British rock band Coldplay have recorded over 178 songs  throughout their career. They were formed in London by Chris Martin (lead vocals, piano), Jonny Buckland (guitar), Guy Berryman (bass guitar), Will Champion (drums, percussion) and Phil Harvey (creative direction). With exception of the latter, all members are equally credited as songwriters of each track. They explored many music styles as the years went by, developing a sound that is considered alternative rock, alternative pop, pop rock, post-Britpop, soft rock, and pop. The band released two extended plays in the late 1990s, Safety (1998) and The Blue Room (1999), with both having characteristics of dream pop that settled them apart from future releases.

Their debut album, Parachutes, was then released in July 2000. Berryman described it as "a quiet, polite record", with Scottish band Travis and American singer Jeff Buckley serving as primary influences.
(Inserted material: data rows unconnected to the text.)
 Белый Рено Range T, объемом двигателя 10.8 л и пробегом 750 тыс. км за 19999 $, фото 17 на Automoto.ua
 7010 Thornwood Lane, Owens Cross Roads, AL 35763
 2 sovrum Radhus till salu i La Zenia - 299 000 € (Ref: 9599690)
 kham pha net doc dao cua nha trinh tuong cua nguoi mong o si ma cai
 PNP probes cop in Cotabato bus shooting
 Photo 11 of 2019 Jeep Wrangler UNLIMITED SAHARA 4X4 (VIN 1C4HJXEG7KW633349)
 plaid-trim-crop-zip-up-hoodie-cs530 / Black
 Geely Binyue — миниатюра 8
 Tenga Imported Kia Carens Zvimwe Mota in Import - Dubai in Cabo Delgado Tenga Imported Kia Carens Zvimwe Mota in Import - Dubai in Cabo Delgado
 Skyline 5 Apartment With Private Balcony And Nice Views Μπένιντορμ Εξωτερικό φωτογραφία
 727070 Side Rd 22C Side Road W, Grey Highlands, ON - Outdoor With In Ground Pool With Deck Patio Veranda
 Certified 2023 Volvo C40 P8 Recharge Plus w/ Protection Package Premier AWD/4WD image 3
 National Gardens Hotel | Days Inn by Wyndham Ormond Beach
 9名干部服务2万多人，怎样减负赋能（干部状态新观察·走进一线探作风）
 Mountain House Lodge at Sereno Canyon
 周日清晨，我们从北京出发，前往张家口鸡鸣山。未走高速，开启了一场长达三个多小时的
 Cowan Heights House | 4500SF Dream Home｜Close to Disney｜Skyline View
It drew comparisons to Oasis and Radiohead as well, showing Coldplay's alternative rock side with moody, atmospheric songs ("Don't Panic", "Shiver" and "Yellow"). Two years later, A Rush of Blood to the Head (2002) was made available, being noted for having more guitar-driven ("God Put a Smile upon Your Face", "A Whisper") and piano-driven ("Clocks", "The Scientist") tracks than its predecessor.

Meanwhile, X&Y (2005) kept the same style, but with the addition of electronic influences and extensive use of synthesizers, having a grander scale in terms of both sound and existential themes. Lyrics on the record have also been considered to be "ruminations on Martin's doubts, fears, hopes, and loves". Their fourth album Viva la Vida or Death and All His Friends (2008), on the other hand, featured production by Brian Eno and saw Coldplay attempting to diversify their style and explore new territory. They experimented with many instruments, including electric violins, tack pianos, santoors and orchestras. Lyrically, the record had themes of life, love, death, loneliness, war and politics, being more universal than previous material. Its companion piece, Prospekt's March, featured "Lost+" a new version of "Lost!" with vocals from Jay-Z. In 2011, they released Mylo Xyloto, a concept album that follows the story of two characters in the style of a rock opera. It expanded their sound by including more upbeat tones for the first time and having a pop rock style with "modern, urban and dance" melodies such as "Every Teardrop Is a Waterfall", "Paradise" and "Princess of China", which featured vocals by Rihanna.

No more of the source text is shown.